An important element in the public life of every nineteenth-century state, history was even more significant for those national communities that did not have a state of their own. For the Poles, the Irish, the Czechs, and, in the course of the twentieth century, for the peoples of the world colonized by Europeans, a shared history was the surest source of present cohesion and the brightest hope for future nationhood. After all, what else did these nations possess besides their belief in a common ancestry? Often enough, this belief had to be constructed from the scattered remnants of an imagined past – literary works discovered and transcribed by patriotic scholars, ancient sites unearthed by archaeologists, memories of lost greatness brought to life in poems and plays and popular histories. Often enough the character of the national past was bitterly contested – by Czechs and Germans in Bohemia, Protestants and Catholics in Ireland, conservatives and liberals in partitioned Poland, Muslims and Christians in the Balkans. In these parts of the world, the historical significance of John Hus, whether the town was called Derry or Londonderry, the meaning of the Polish uprising of 1863, or how to commemorate the battle of Kosovo could swiftly become matters of life or death. Every national history reflects ideological divisions and political conflict, but in nations without states, the seam between politics and history was nearly invisible, so that it was usually impossible to determine where the one began and other ended.
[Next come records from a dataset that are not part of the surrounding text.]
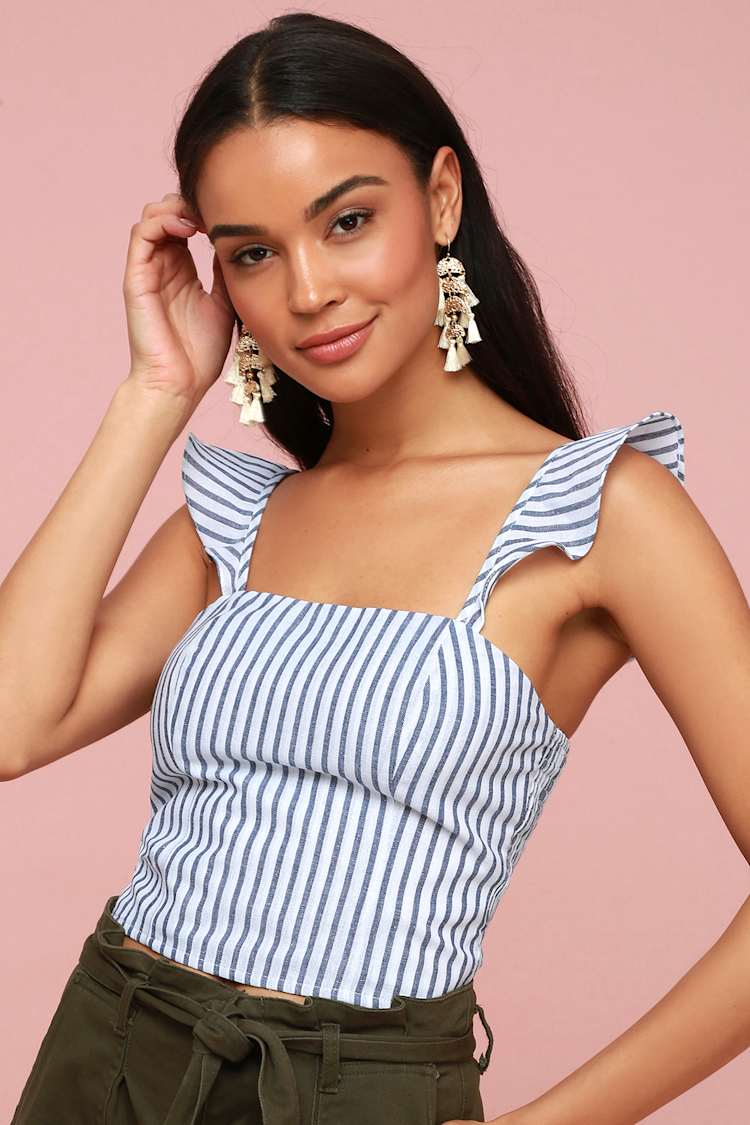 Cute Striped Top - Crop Top - Smocked Top - Lulus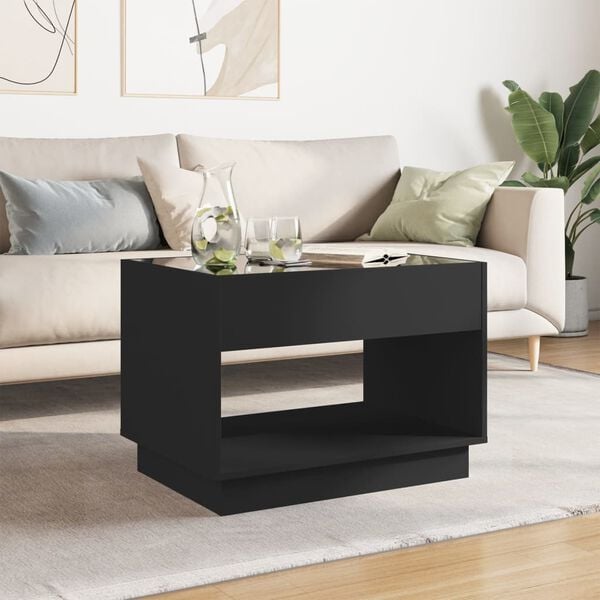 vidaXL Coffee Table Black Engineered wood, glass 27.6 x 19.7 x 19.7 in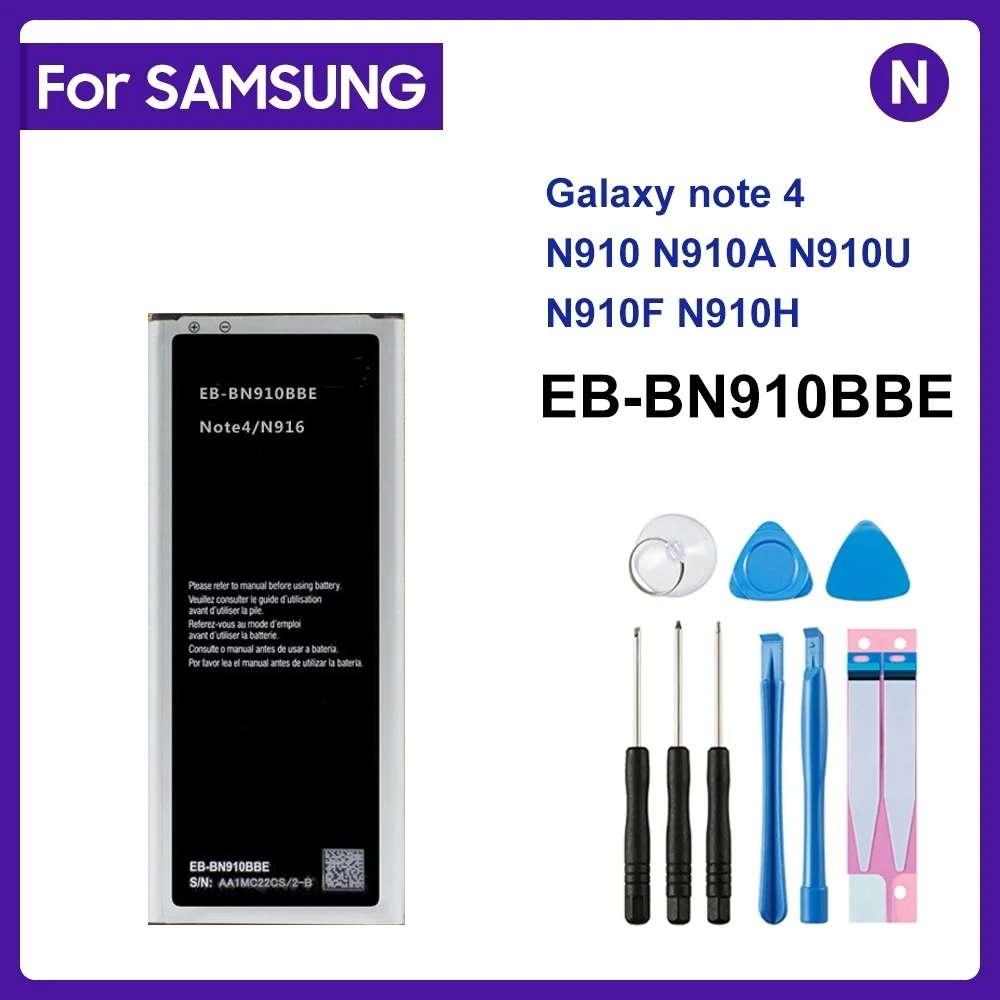 

SAMSUNG Orginal EB-BN910BBE EB-BN910BBK EB-BN910BBC EB-BN910BBU 3220mAh battery For Samsung Galaxy Note 4 N910 N910A/V/P/T/H NFC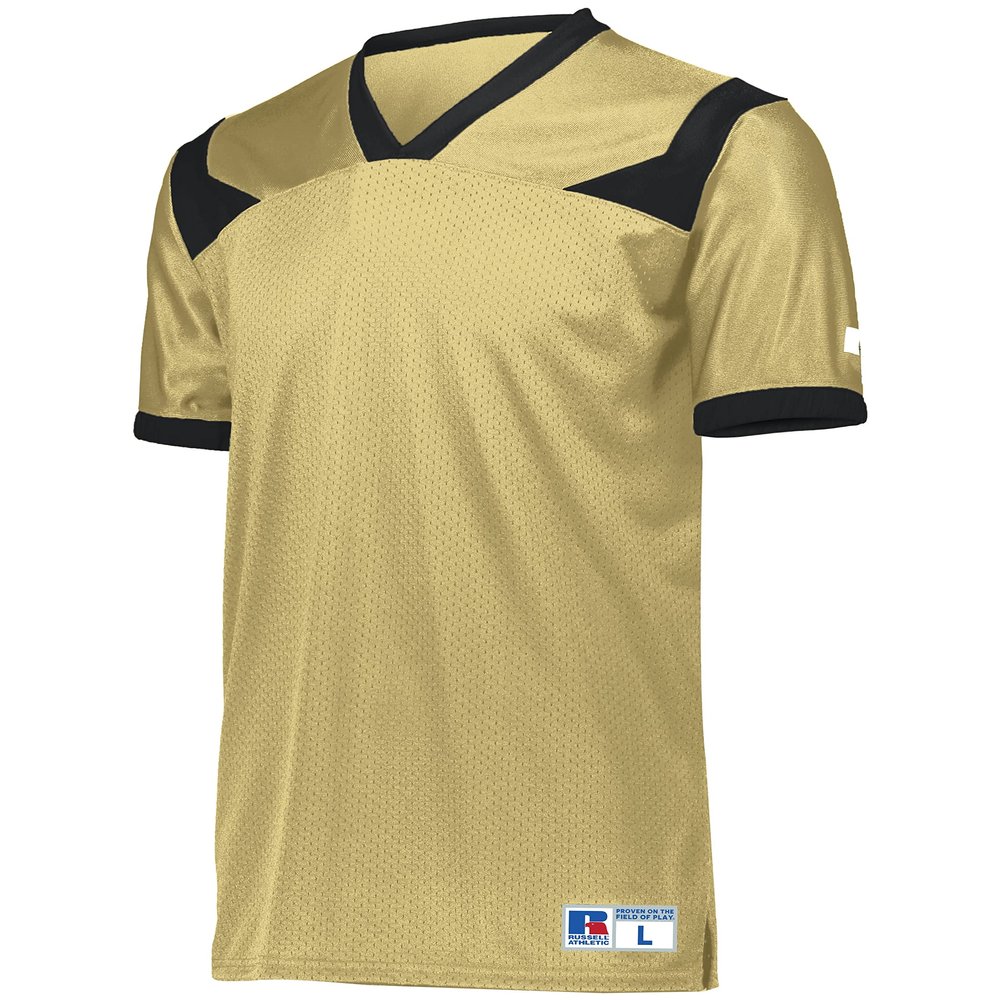 Russell Athletic Youth Phenom6 Flag Football Jersey - Premier Performance and Ultimate Gear for Young Athletes and Stylish Football Jersey for Young Players, Gt Gold/Black L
Although historians have often been the servants of those in power, there is also a long, rich tradition of subversive historiography, written by scholars who turned to the past in order to question the established order and suggest new paths for the future. In the nineteenth century, at the same time that historians were drawn into the service of the nation-state, subversive historiography was given its most influential formulation by Karl Marx. For him, the political movements that had interested Thucydides, Machiavelli, and Ranke are surface phenomena, reflections of the deeper social conflicts from which history takes its shape and direction. Politics is merely an instrument of the ruling class, a way of justifying and defending its hold on the means of production. Traditional political historians, therefore, view the past through a distorting lens that turns the world upside down, obscuring the essential sources of change with their concern for artificial conflicts, empty slogans, and trivial events. The Marxist historian’s purpose is to substitute for these ideological distortions the radical clarity of scientific materialism, which will reveal to the proletariat the roots of its oppression and thus help prepare them for their revolutionary role in history cosmic drama. From the last decades of the nineteenth century until the end of the twentieth, Marxism – in all its many forms – remained the most influential form of subversive historiography.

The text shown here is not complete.